Was könnte verbessert werden?
Ich würde mir wünschen, dass wir viel frühzeitiger in große Entscheidungsprozesse mit einbezogen werden, dass wir auch die Möglichkeit haben, mal ganz konzentriert Aufklärungsarbeit zu leisten, wie beispielsweise in Stadtratshearings, damit Entscheidungen auf wissenschaftlichen und faktenbasierten Grundlagen getroffen werden.
Du bist selbst auf einem Biobauernhof aufgewachsen. Das klingt nach „heiler“ Welt. Welchen Einfluss hatte das auf dein Bewusstsein?
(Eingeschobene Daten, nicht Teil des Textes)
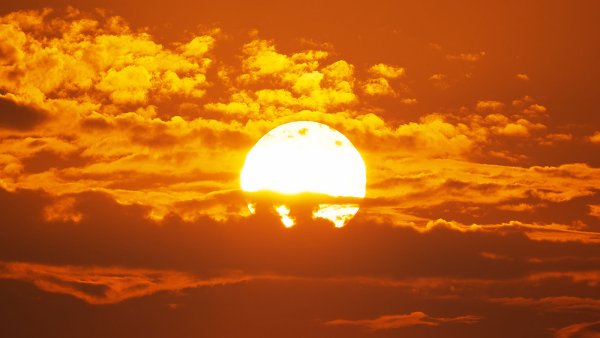 Красивый закат солнца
Heile Welt? Ich habe in den 80er Jahren ein krasses Bauernsterben miterlebt, ein Sterben von kleinbäuerlichen Strukturen und kleinen Betrieben, die sich auf Grund von Industrialisierung und Dumpingpreisen nicht mehr tragen konnten. Höfe, die über Generationen weitervererbt wurden, von Bauern und Bäuerinnen, die intensive Beziehungen zu den Tieren hatten. Die Landwirtschaft wurde automatisiert und mechanisiert, sowohl die Tierhaltung als auch im Ackerbau. Die Folge war die Massentierhaltung, mit allen Konsequenzen: reine Stallhaltung, Soja aus Lateinamerika und Antibiotika. Es wurde auf Masse gesetzt, nicht auf Qualität. Natürlich war vor den 80ern nicht alles gut, aber das Bauernsterben hat mich nachhaltig beeinflusst. Meine Eltern konnten den Hof aufrechterhalten, sie waren Biobauern der ersten Stunde. Und die Biobranche hat faire Preise an ihre Landwirt*innen gezahlt.
Vielen Dank, Daniela und viel Kraft für dein weiteres Engagement!